▸ Provided data
#####

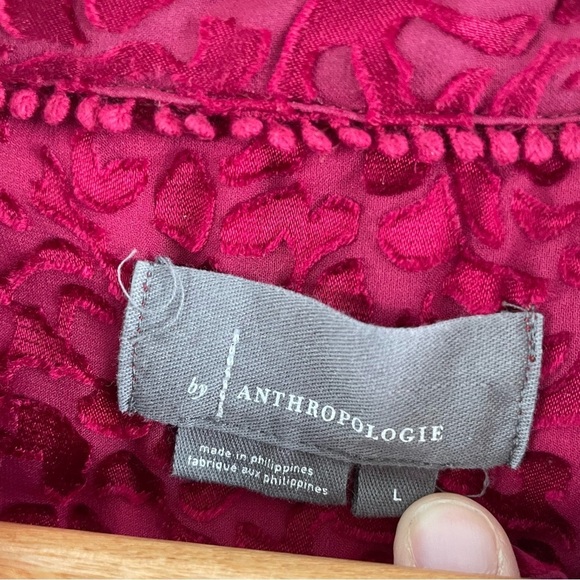 Anthropologie | Susanna Velvet Burnout Magenta Button Down Top, L - Picture 5 of 14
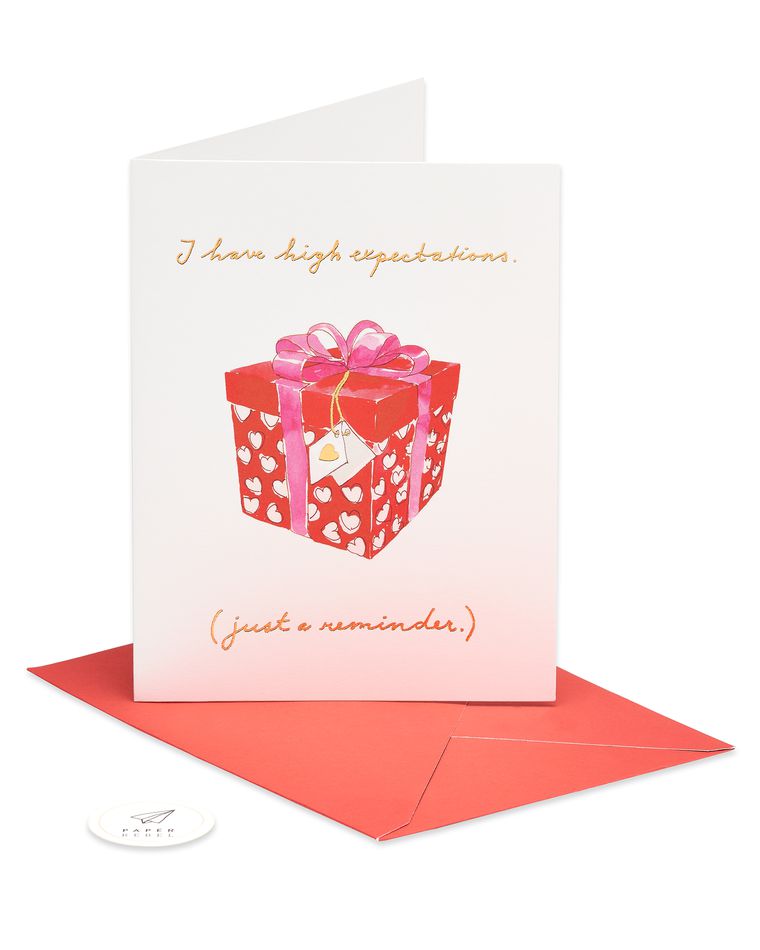 high expectations valentine's day card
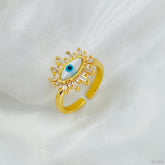 Evil Eye Mother of Pearl Copper Gold Free Size Adjustable Ring Women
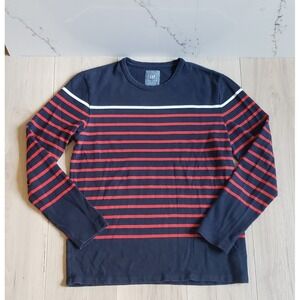 GAP Sweatshirt Mens M Navy Red Breton Stripe Long Sleeve Crewneck Y2K Comfy Top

#####

▸ What is expected
Please print all the lines above exactly as given and leave out every picture.

▸ Result
 Anthropologie | Susanna Velvet Burnout Magenta Button Down Top, L - Picture 5 of 14
 high expectations valentine's day card
 Evil Eye Mother of Pearl Copper Gold Free Size Adjustable Ring Women
 GAP Sweatshirt Mens M Navy Red Breton Stripe Long Sleeve Crewneck Y2K Comfy Top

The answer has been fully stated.